[[ Excerpted records open ]]

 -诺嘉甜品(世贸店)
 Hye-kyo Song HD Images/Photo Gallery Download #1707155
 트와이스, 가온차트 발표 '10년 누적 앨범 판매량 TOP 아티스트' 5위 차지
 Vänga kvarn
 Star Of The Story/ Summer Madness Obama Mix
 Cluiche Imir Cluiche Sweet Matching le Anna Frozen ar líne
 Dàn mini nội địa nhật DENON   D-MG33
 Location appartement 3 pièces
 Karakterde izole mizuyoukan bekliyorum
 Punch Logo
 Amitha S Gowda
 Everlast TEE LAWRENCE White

[[ Excerpted records closed ]]
[[ Excerpted records open ]]

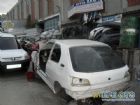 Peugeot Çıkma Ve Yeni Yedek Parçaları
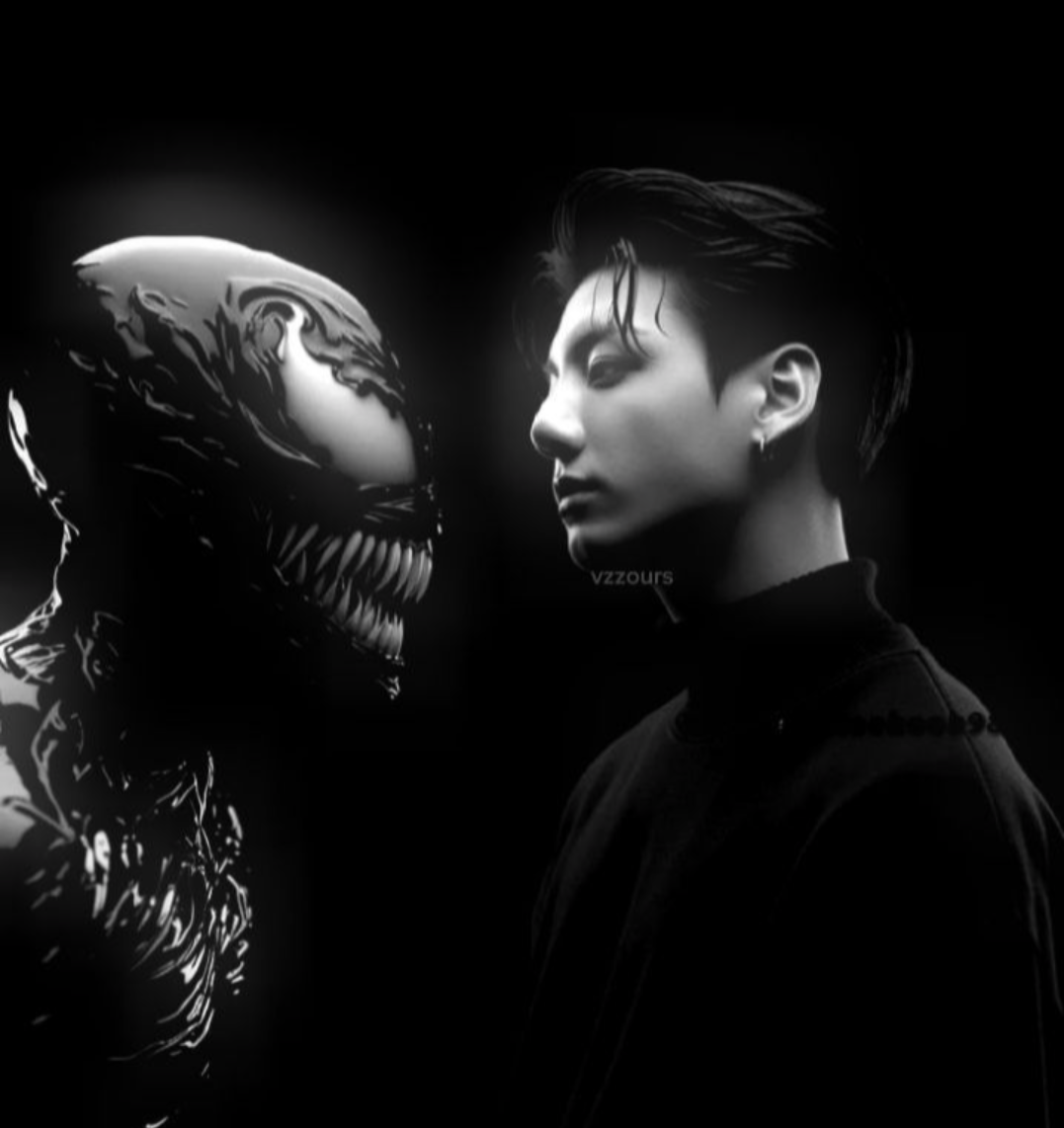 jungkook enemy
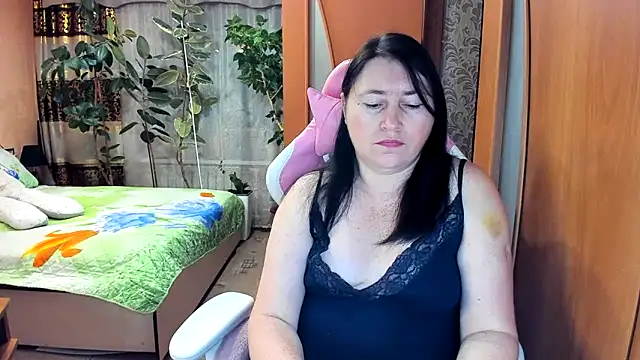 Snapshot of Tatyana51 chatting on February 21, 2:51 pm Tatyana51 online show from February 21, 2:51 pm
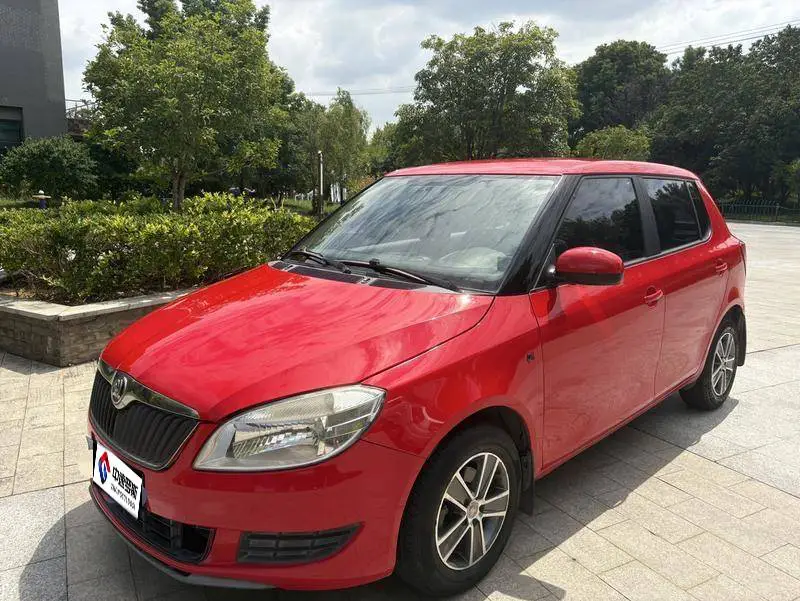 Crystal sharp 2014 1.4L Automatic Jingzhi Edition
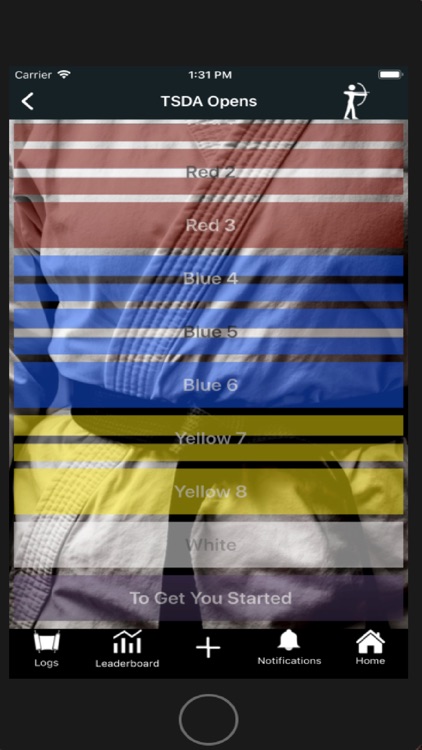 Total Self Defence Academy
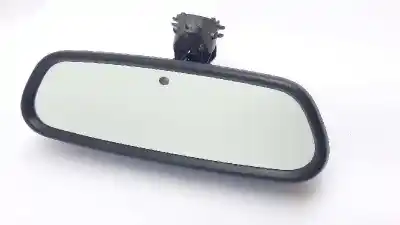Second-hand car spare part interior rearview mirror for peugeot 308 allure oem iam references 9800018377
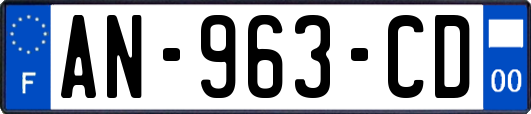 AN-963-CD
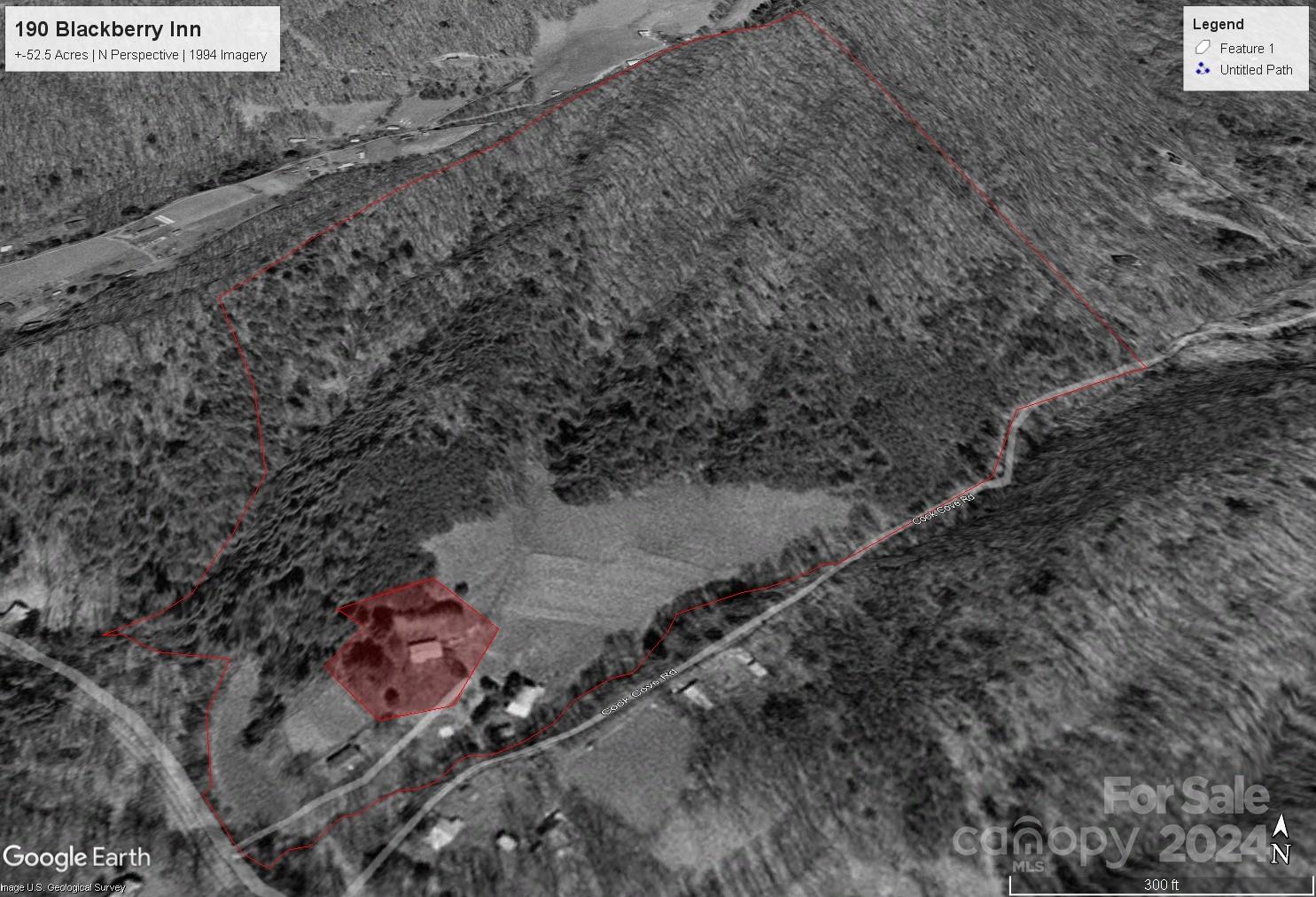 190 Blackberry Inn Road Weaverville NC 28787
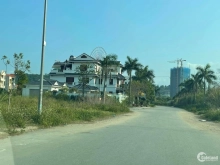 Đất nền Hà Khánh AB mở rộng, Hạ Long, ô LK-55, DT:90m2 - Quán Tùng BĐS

[[ Excerpted records closed ]]
[[ Excerpted records open ]]

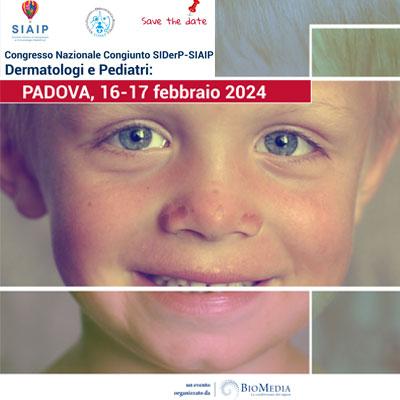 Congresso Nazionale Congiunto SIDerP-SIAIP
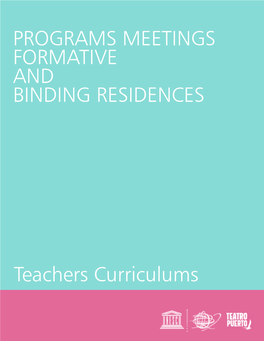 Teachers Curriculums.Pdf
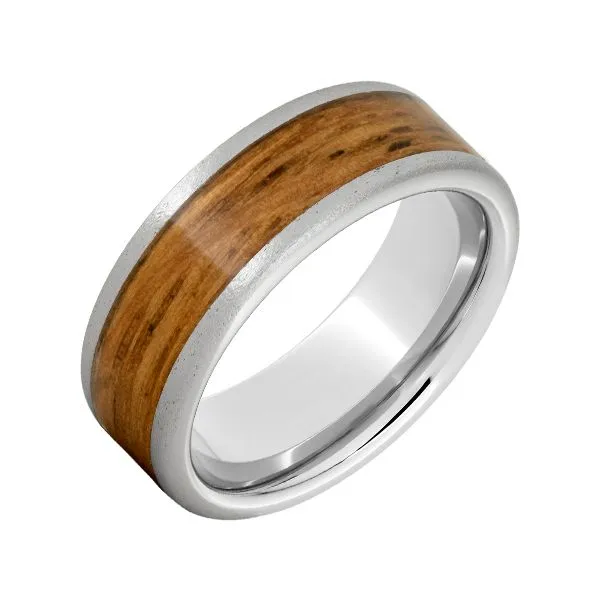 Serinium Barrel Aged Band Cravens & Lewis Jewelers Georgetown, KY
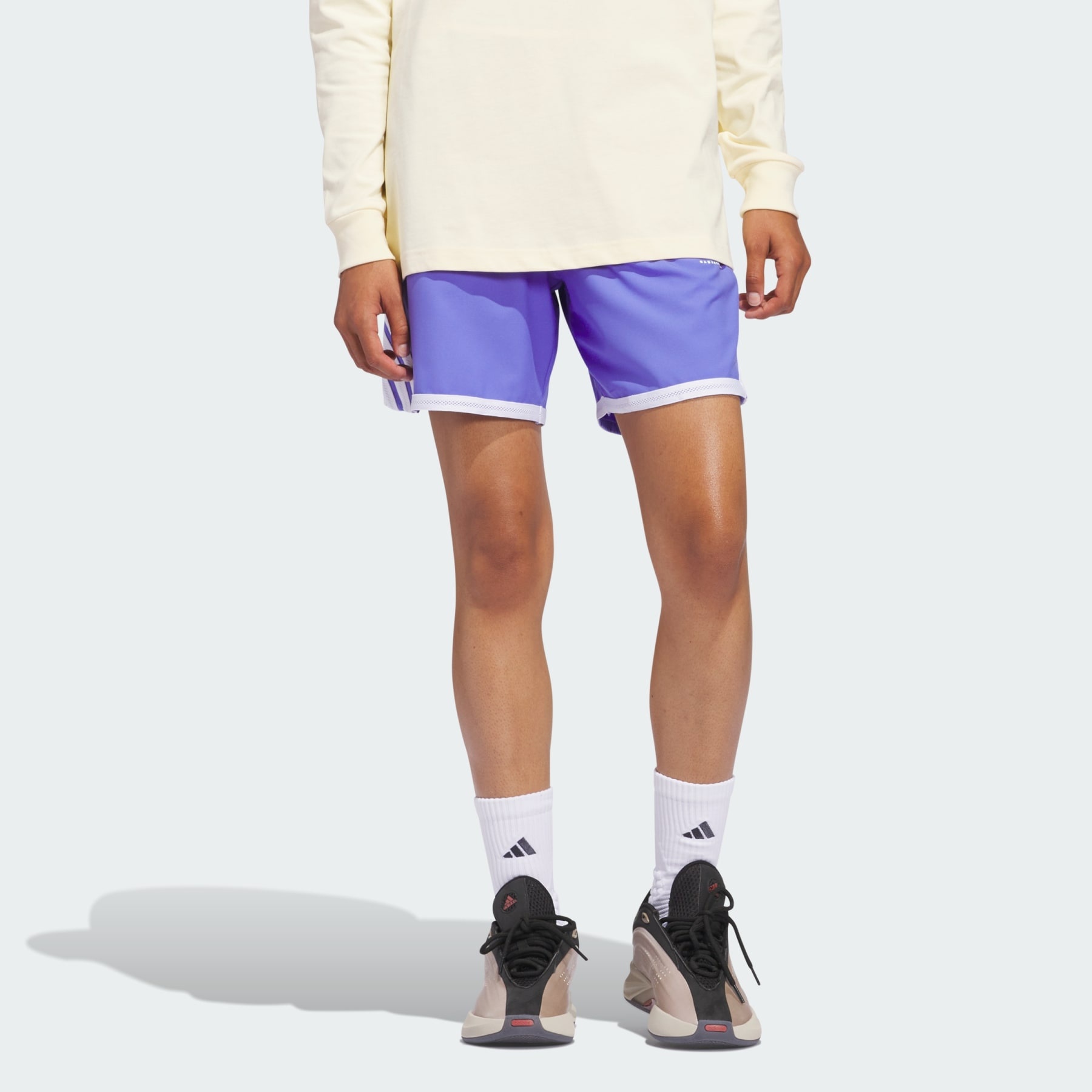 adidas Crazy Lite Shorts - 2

[[ Excerpted records closed ]]

• Task:
Starting with the line with "Cluiche Imir Cluiche" above and going on through the line with "Everlast TEE LAWRENCE White", transcribe every line exactly, both ends included, and add nothing.

• Exercise solution:
 Cluiche Imir Cluiche Sweet Matching le Anna Frozen ar líne
 Dàn mini nội địa nhật DENON   D-MG33
 Location appartement 3 pièces
 Karakterde izole mizuyoukan bekliyorum
 Punch Logo
 Amitha S Gowda
 Everlast TEE LAWRENCE White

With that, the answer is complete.